THE SECOND tranche of assets purchased by the National Asset Management Agency (Nama) from Anglo Irish Bank does not include some of the bank’s loans to developer Paddy McKillen who is challenging the agency in the courts.
Mr McKillen has loans totalling €800 million with Anglo, which were earmarked for transfer in the second tranche. It’s understood that the transfer of most of his loans to Nama are on hold, pending the outcome of his judicial review against their sale.
The case is due to be heard by the Commercial Court in October.
Nama had originally planned to purchase loans with a face value of €8 billion from Anglo in the second tranche, but the agency yesterday said that it had purchased loans with a face value of €6.75 billion from Anglo, paying €2.57 billion or a discount of 61.9 per cent.
Anglo’s loan transfers completed the second tranche, bringing to €27.2 billion the total loans bought from five institutions – Anglo, AIB, Bank of Ireland, Irish Nationwide Building Society and the Educational Building Society. Nama has paid €14.2 billion for 3,518 loans, representing an average discount of 52.3 per cent across the first two tranches.
The agency plans to purchase loans totalling €81 billion, leaving a further €53.7 billion to be purchased before next February.
Due diligence and the valuation of the third tranche of €12 billion in loans is under way and should be completed by the end of next month, Nama said in a statement.
The higher discount applied to Anglo’s second tranche has led to concerns that the discount on later transfers may be higher again, raising fears that the State-owned bank’s capital needs could rise above the €24.3 billion approved by the European Commission.
Anglo has so far received €14.3 billion from the State – €10.3 billion by way of promissory notes and €4 billion in cash.
The bank is finalising its half-year results to the end of June and the next capital injection required to cover the spiralling loan losses.
The figures, which are due to be published next Tuesday, will take account of both losses on the Nama loans and further impairments on Anglo’s non-Nama loans.

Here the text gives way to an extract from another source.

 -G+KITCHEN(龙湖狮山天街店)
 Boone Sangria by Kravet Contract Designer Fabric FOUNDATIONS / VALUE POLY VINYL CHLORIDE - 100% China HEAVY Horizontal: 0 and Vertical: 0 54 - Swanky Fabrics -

Nama paid €130 million less than the current market value of property backing the loans and some €660 million less than the long-term economic value. The price paid was reduced to account for poor documentation and security, and to cover enforcement costs of recovering loans.
Only EBS was paid in excess of both the current market value and the long-term economic value of property securing its loans.
Loans in Northern Ireland were transferred to Nama for the first time in the second tranche. Some 50 per cent of the €11.93 billion in loans in the tranche were in the Republic of Ireland, 44 per cent were in Britain and the Channel Islands, 3 per cent were in Northern Ireland, 2 per cent were in the US and Canada, and 1 per cent in the rest of the world.
Some 23 per cent of loans were on hotels, compared with 4 per cent in the first tranche. Of some 31 loans secured on hotels, 22 are in Ireland, compared with 17 in the first tranche, including 13 here.